> **Work required**:
Take the data below and extract the lines from the one with "415 ISLAND WAY UNIT 507" to the one with "Kitchen - 3500", inclusive, exactly as written.

> **Records for processing**:
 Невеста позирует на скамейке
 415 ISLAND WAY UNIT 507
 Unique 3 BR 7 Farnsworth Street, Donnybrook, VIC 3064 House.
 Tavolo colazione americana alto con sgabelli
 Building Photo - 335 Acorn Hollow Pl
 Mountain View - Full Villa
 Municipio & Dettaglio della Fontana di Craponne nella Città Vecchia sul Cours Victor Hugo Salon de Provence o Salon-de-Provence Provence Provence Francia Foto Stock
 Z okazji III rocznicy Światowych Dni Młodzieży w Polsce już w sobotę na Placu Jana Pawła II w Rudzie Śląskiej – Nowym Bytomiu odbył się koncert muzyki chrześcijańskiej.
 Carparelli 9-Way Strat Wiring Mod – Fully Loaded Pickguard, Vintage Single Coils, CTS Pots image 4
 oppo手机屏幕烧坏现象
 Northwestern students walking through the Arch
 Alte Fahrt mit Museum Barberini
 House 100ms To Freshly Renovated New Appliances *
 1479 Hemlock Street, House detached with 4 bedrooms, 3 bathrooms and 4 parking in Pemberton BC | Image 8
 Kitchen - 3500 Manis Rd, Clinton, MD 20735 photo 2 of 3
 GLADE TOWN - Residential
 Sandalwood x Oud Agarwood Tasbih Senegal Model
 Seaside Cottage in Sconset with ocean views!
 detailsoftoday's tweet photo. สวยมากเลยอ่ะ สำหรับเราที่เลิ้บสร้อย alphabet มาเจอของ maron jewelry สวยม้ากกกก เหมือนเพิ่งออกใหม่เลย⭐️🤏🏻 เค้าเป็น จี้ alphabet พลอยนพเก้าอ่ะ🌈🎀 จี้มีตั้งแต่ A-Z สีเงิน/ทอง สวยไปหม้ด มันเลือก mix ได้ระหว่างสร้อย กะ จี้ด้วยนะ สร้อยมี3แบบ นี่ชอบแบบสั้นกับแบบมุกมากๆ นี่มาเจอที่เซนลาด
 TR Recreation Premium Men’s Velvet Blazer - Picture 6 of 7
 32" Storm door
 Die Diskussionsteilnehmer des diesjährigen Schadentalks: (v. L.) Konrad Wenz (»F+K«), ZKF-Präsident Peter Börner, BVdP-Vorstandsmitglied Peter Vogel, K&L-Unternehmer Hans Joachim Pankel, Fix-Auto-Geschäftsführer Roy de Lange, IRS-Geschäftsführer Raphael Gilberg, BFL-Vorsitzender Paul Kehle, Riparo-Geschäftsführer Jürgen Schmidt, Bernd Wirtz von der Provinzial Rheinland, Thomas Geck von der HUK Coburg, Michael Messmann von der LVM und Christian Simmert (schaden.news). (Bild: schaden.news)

> **Answer to this task**:
 415 ISLAND WAY UNIT 507
 Unique 3 BR 7 Farnsworth Street, Donnybrook, VIC 3064 House.
 Tavolo colazione americana alto con sgabelli
 Building Photo - 335 Acorn Hollow Pl
 Mountain View - Full Villa
 Municipio & Dettaglio della Fontana di Craponne nella Città Vecchia sul Cours Victor Hugo Salon de Provence o Salon-de-Provence Provence Provence Francia Foto Stock
 Z okazji III rocznicy Światowych Dni Młodzieży w Polsce już w sobotę na Placu Jana Pawła II w Rudzie Śląskiej – Nowym Bytomiu odbył się koncert muzyki chrześcijańskiej.
 Carparelli 9-Way Strat Wiring Mod – Fully Loaded Pickguard, Vintage Single Coils, CTS Pots image 4
 oppo手机屏幕烧坏现象
 Northwestern students walking through the Arch
 Alte Fahrt mit Museum Barberini
 House 100ms To Freshly Renovated New Appliances *
 1479 Hemlock Street, House detached with 4 bedrooms, 3 bathrooms and 4 parking in Pemberton BC | Image 8
 Kitchen - 3500 Manis Rd, Clinton, MD 20735 photo 2 of 3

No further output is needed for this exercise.